*** Supplied data ***

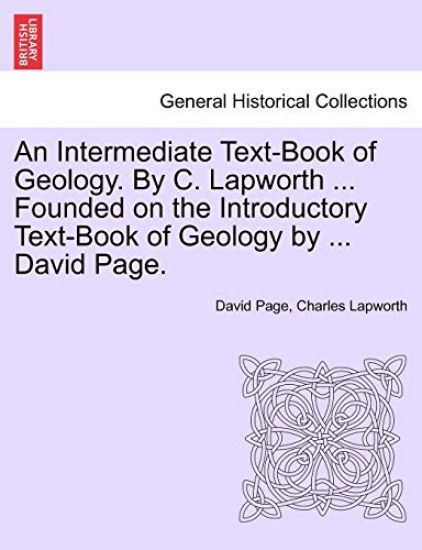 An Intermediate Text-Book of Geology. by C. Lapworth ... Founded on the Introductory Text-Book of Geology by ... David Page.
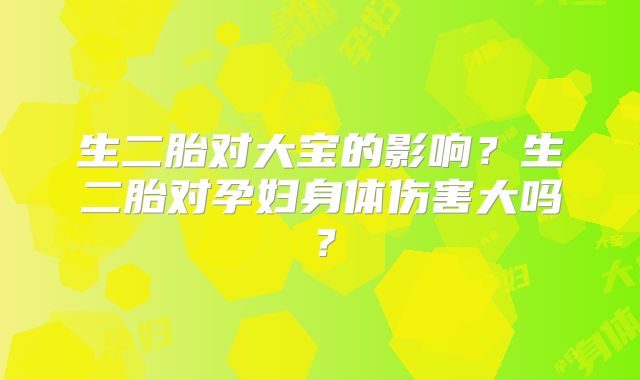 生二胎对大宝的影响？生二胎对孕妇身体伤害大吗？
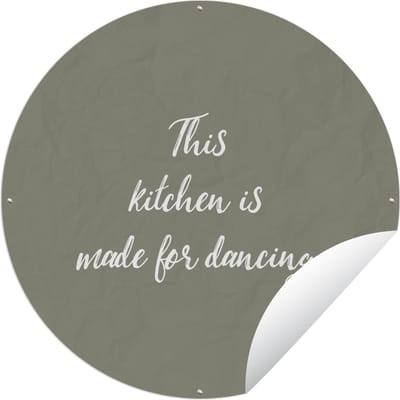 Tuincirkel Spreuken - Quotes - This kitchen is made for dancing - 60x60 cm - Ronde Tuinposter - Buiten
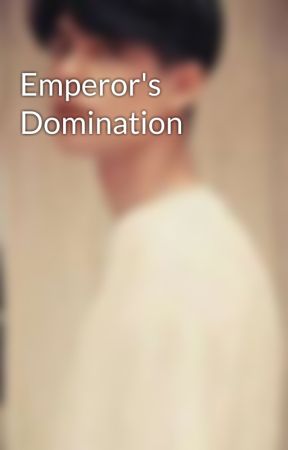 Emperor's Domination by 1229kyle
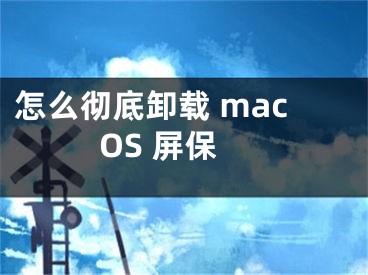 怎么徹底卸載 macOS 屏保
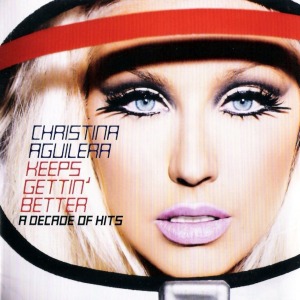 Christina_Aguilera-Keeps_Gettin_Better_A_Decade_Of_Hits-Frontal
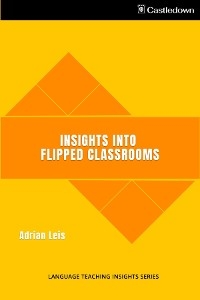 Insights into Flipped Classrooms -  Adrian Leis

*** End of Supplied data ***
*** Supplied data ***

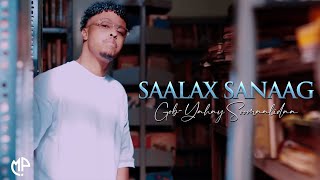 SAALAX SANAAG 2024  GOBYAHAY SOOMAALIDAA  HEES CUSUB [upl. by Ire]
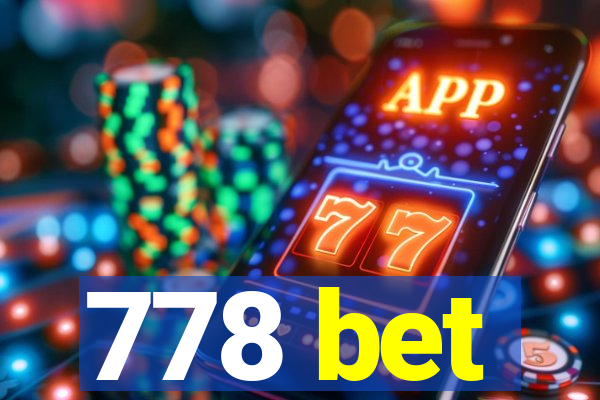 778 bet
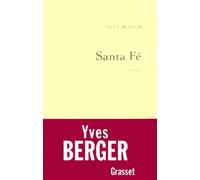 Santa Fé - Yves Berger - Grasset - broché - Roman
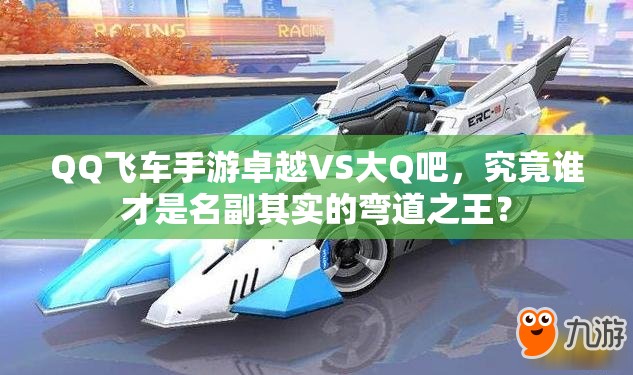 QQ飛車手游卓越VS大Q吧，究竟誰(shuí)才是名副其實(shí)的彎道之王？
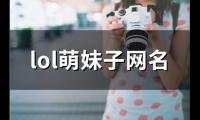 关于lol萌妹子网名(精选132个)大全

*** End of Supplied data ***

* [Brief]: Of the records above, print only the lines from the one containing "An Intermediate Text-Book" through the one containing "Insights into Flipped", inclusive and unaltered, leaving out pictures.

* [Task output]:
 An Intermediate Text-Book of Geology. by C. Lapworth ... Founded on the Introductory Text-Book of Geology by ... David Page.
 生二胎对大宝的影响？生二胎对孕妇身体伤害大吗？
 Tuincirkel Spreuken - Quotes - This kitchen is made for dancing - 60x60 cm - Ronde Tuinposter - Buiten
 Emperor's Domination by 1229kyle
 怎么徹底卸載 macOS 屏保
 Christina_Aguilera-Keeps_Gettin_Better_A_Decade_Of_Hits-Frontal
 Insights into Flipped Classrooms -  Adrian Leis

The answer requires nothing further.